除了直接的种族紧张关系外,还有几个因素导致了我提到的最近的衰落,以及去年冬天开始的政治镇压,这就是这种衰落的明显证据。最重要的是马哈蒂尔自己的永久执政党--马来人联合民族组织(简称巫统)内部的权力斗争,这使得马哈蒂尔岌岌可危,并诱使他对对手进行先发制人的打击。中国人对学校系统的变化感到震惊,他们认为这威胁到了普通话教育的未来。锡和橡胶价格的持续低迷使经济不景气。中国和马来阵营的政治家们都摆出了战斗的姿态。每个人都开始谈论 "另一个5月13日",即1969年反华暴乱的日子--特别是在一名擅离职守的马来士兵在吉隆坡市中心用机枪扫射人们之后。(幸运的是,除了受害者之外,所有人都是马来人。)然后马哈蒂尔降低了繁荣程度。

以东德或乌干达的标准来看,这里发生的事情并不值得大惊小怪。马哈蒂尔未经审判就把大约一百人关进了监狱,其中包括大部分华人政治领导层、马来人方面的几个棘手的反对者,以及几个受人尊敬的私人和宗教活动家。到了圣诞节,他释放了55名被拘留者,但宣布其他33人,包括大多数中国反对派领导人,将再被关押两年,不进行审判。国际人权组织开始对他们的监禁条件进行抗议--据称一些被拘留者被单独关押在黑暗中,没有药品或任何读物,与家人隔绝。在马来西亚,人们很少听说这场争论,因为唯一被允许经营的报纸是由巫统控制的小报。马哈蒂尔将他的新政策描述为 "不再是好好先生",并迅速通过了一项新的新闻法来表明他的意思。这部新法律赋予他无限和任意的权力,以禁止任何出版物,并逮捕任何发表 "不真实 "言论的作家或公众人物。更重要的是,它说这种决定不能由任何人,包括法院来审查或质疑。对于几乎分不清马来西亚和蒙古的美国人来说,这似乎是专制的第三世界的常规做法。但就在一年前,马来西亚还以其诚实、聪明、独立的司法机构为荣。(1986年,政府驱逐了两名调查高层腐败的《华尔街日报》记者;法院推翻了这一判决,让他们重新进入。) 马来西亚最令人尊敬的人物,八十五岁的东姑-阿卜杜勒-拉赫曼(Tunku Abdul Rahman),领导国家独立并担任第一任总理,在12月说,"马来西亚已经成为一个警察国家。" 他的话被外国报纸转载,但在马来西亚本土却被审查。

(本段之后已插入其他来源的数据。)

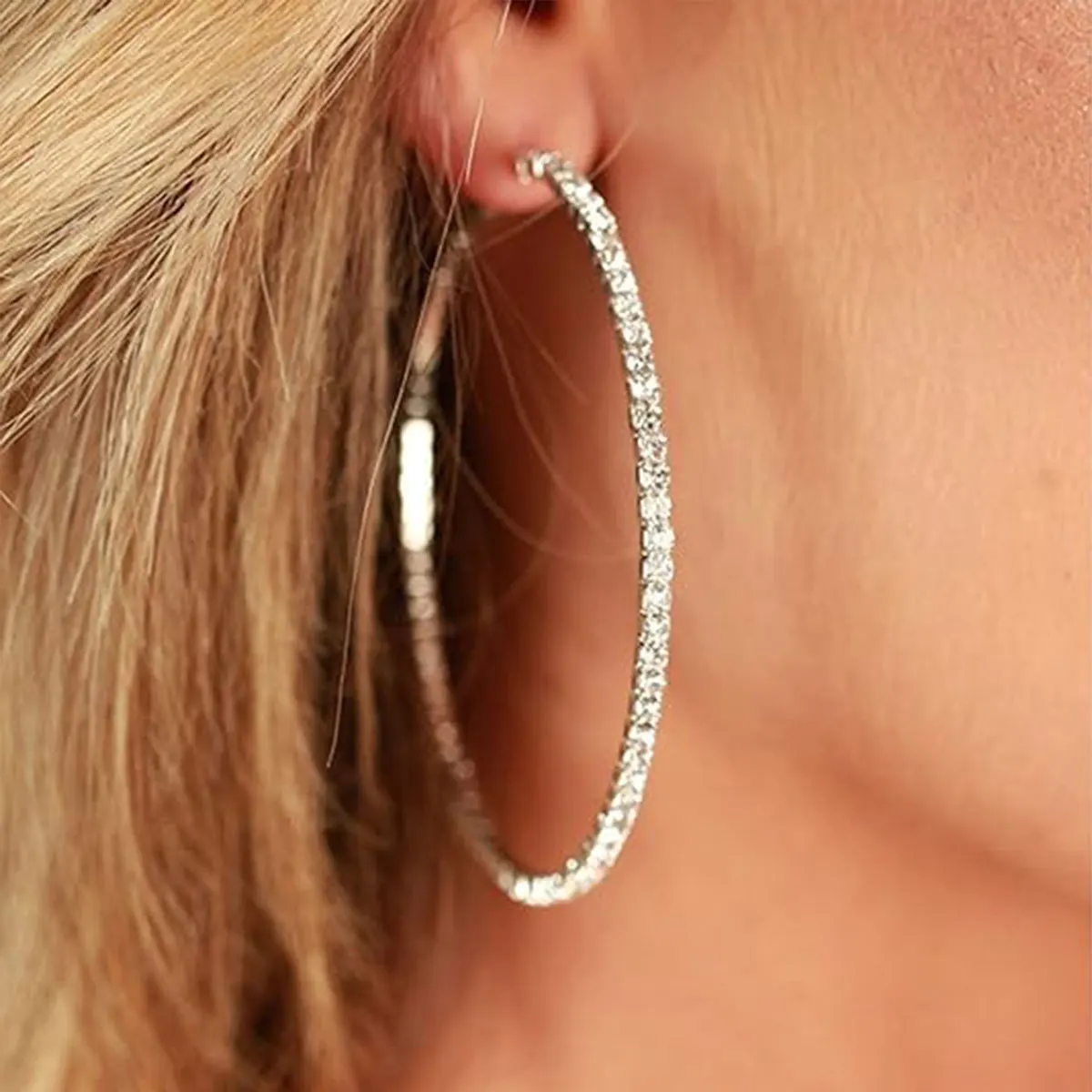 

Whole Loop Zirconia Earrings Silver Color Large Women's Hoop Earrings 30/40/50/60/70mm Shiny Dimensional Zirconia Hoop Earrings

我想马哈蒂尔的镇压必须被判定为成功,至少现在是这样。逮捕行动开始几个月后,气氛确实比他采取行动前要平静一些。少数人谈到了被拘留者,但更多人似乎松了一口气,因为有人以某种方式打破了似乎会导致公然的种族冲突的势头。与我交谈过的外国专家意见不一:少数人预测五年后马来西亚将成为一个成熟的暴政国家,但大多数人说这是通往幸福时代道路上的一个暂时的粗糙点。

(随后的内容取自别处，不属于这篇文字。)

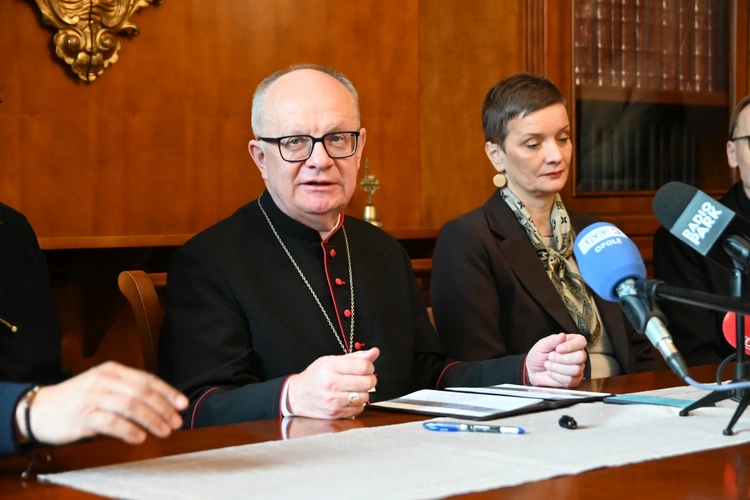 Ostatnie prace przed otwarciem katedry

当我处于衰退期的时候,我发现自己同意悲观主义者的观点。每天早上,当我拿起剩下的一份英文报纸--巫统喉舌《新海峡时报》,看到诸如 "DR. M's COURAGE PRAISED "和 "STOP THE COMPLAINING"(停止抱怨)。不,这不是俄罗斯或思想警察的领域,但政府对待人民的态度,通过它提供的管理新闻,显示出对人民的智慧和判断力的深深蔑视。马哈蒂尔和李光耀都可以提出这样的理由,即对被压制的新闻的抱怨反映了一种陈腐的、完全是西方的感觉。他们说,亚洲社会不喜欢真正自由的、"美国式的"(通常是弯着嘴说的)新闻界的动荡,而发展中国家不能承受任何可能破坏国家团结的事情。诚然,大多数亚洲文化不屑于许多西方人喜欢的肆意争论。不过,我对我的马来西亚朋友的评价太高了,我不相信他们会欣赏现在构成他们的新闻的那些狗屁。韩国人毕竟也是亚洲人,在过去的一年里,他们为第一次有机会阅读或多或少自由的新闻而感到高兴。

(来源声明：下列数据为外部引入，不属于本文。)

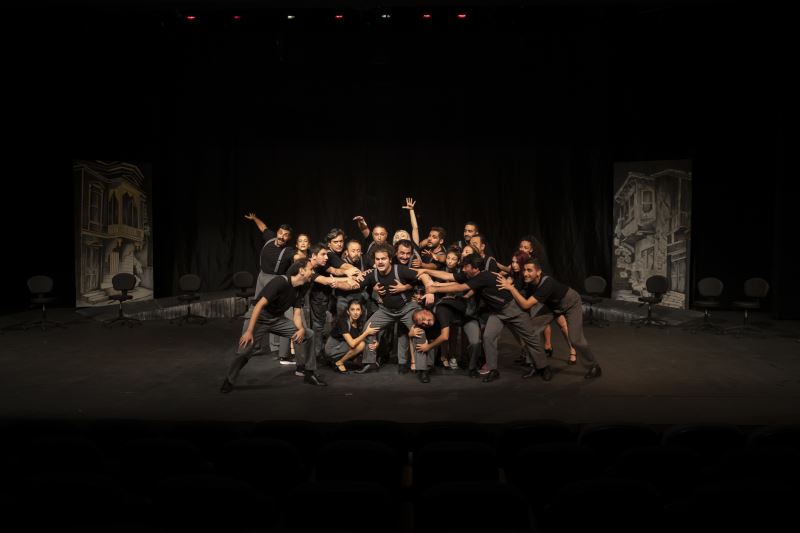 Mersin Şehir Tiyatrosu 3 Yeni Oyunun Provalarını Sürdürüyor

自由辩论的价值,对每个人来说,都是美国可以支持的事情之一。维护这一价值是我们重新获得力量的另一个理由。

詹姆斯-法洛斯

詹姆斯-法洛斯是《大西洋》杂志的特约撰稿人,同时也是通讯《新闻大爆炸》的作者。他曾是吉米-卡特总统的白宫演讲稿撰写人,并与他的妻子黛博拉-法洛斯共同创办了我们的城镇公民基金会。